I suspect that this is the key to Jim Cartwright’s formulation of his play, TWO, as a two-hander. There are 14 characters in total – a pub landlord and landlady with a tragic secret, about to close their pub after many years of trade; a young boy looking for his dad; a mistress confronting her married lover; an ageing widower inclined to navel-gazing through the bottom of a glass; an older woman getting the shopping in; and a variety of couples, including one in an abusive relationship and another with a shared childlike enthusiasm for Elvis and B-movie extras – and they are all played by just two actors.
This conveys the message that human emotion is universal, even though the circumstances that give rise to it may not be the kind that you personally identify with. That all the characters meet in a pub over the course of a day is appropriate; it is, after all, the kind of place where you eventually reveal more of yourself to others than you’d like over a pint.
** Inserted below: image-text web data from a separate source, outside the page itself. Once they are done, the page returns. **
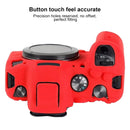 Litchi Texure Soft Silicone Case for Canon EOS R6 (Black)
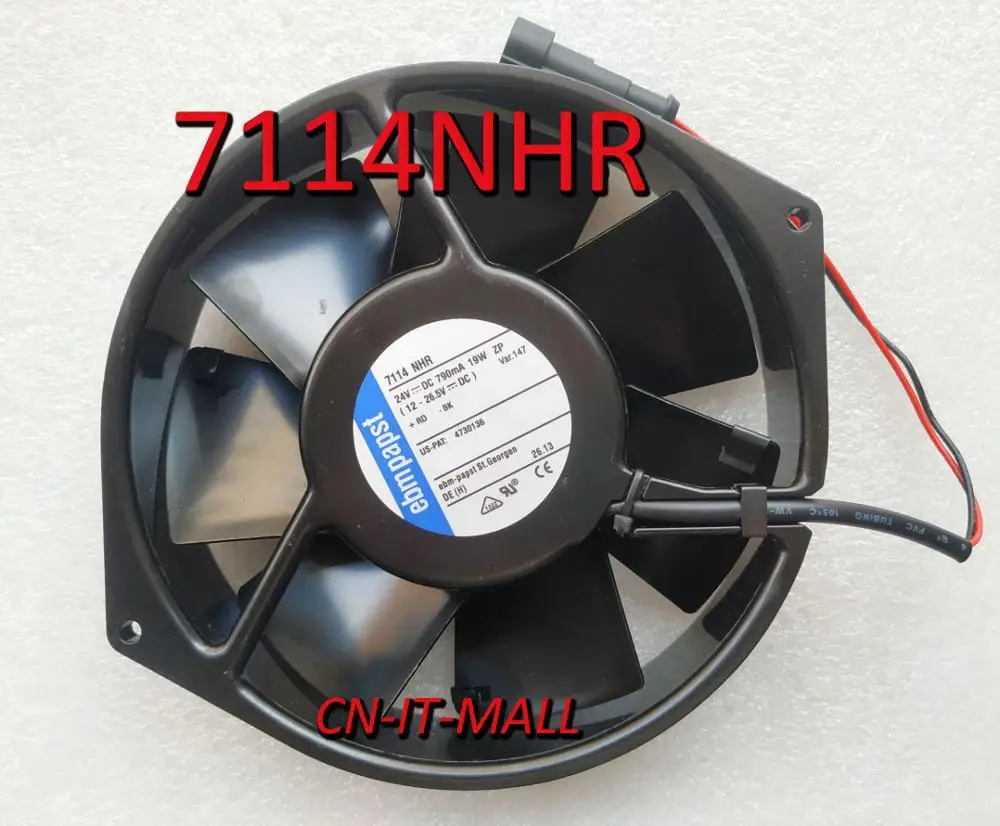 Новый вентилятор 7114NHR 24 в 19 Вт 2pin 790mA 172*150*38 мм для ACS400 ACS800|Компьютерные кабели и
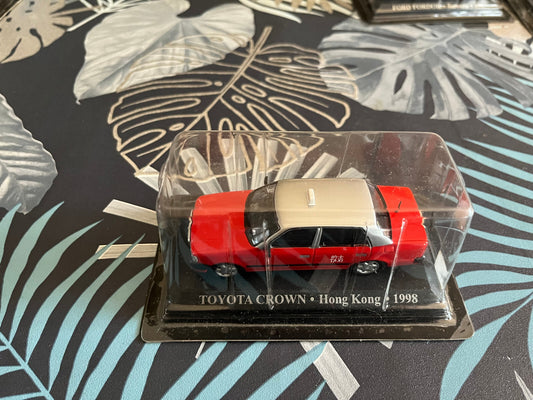 Voiture Miniature Toyota Crown Hong Kong 1998 Taxi Du Monde au 1/43 Altaya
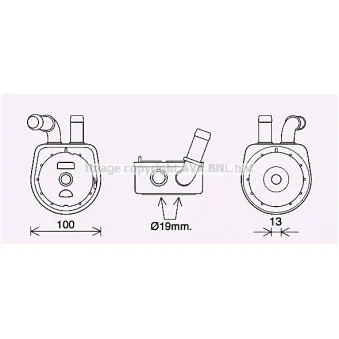 Radiateur d'huile AVA QUALITY COOLING MZ3289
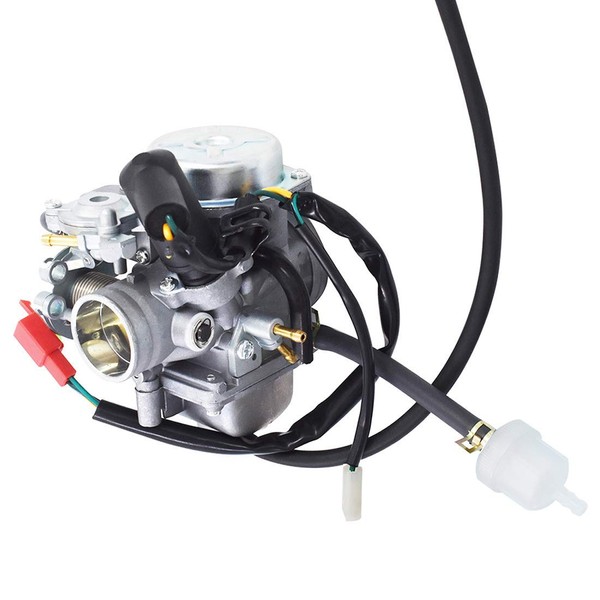 30MM Carburetor C02266 Replacement for Hammerhead 250 GT/GTS/SS Go Karts Joyner Sand 250cc Dune Buggy Honda Helix CN250 CF250 GY6 and Many 4-Stroke Chinese ATVs Dirt Bikes Go Karts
It is for good reason, then, that the number two – and the related terms ‘double’, ‘dual’ and ‘twice’ – weigh heavily in this piece.
Two-hander aside, the drama is in two parts, with a two-hour duration. Sometimes the actors double up, sometimes they don’t, and rather disconcertingly, weave in and out of a two-way discourse with us – the audience – and each other, thus giving us the unusual privilege of being both participant and spectator. It’s an ingenuous way of getting us all emotionally involved, which is what good theatre should be about.
For their own production of TWO – which ended its run at Southwark Playhouse last November – Deafinitely Theatre’s take was to double the number of actors to four: two speaking, two using BSL, and to have both couples almost mirror each other in the shifting role-play.
I said ‘almost’. Each of the four actors brought to TWO an individual style and delivery all of their own – which was a blessing, for it enabled them to focus on fleshing out each of the characters assigned to them, thus producing a true feast for the eyes. Ultimately, rather than two sets of stilted performers more concerned with synchronising each other’s movements, we got a doubly emotionally-charged performance where in the end, the only timing that mattered was the delivery of their lines.
RADA-trained Sophie Stone gave a classy speaking turn, while her BSL-using counterpart Paula Garfield was grittier, more raw in her portrayal. Meanwhile with his terrier-like verbal and physical energy, Jim Fish was a wonderful foil to Matthew Gurney’s looming big-man presence.
That said, the involvement of two languages reinforced the challenge of presenting the play in an accessible way without diluting the emotions being conveyed.
Speaker and signer were built into the production as equals. Nevertheless I sensed a temptation by the BSL users to jump into action once the speakers opened their mouths, which could have affected the calibre of their performances – but crucially, didn’t. As a bilingual Deaf CI user with public-speaking experience, I can ascertain that this took enormous skill on the part of the BSL actors, knowing how much easier it is to sign at your own pace when giving a presentation and let the interpreter follow you with his or her voice-over, rather than vice versa.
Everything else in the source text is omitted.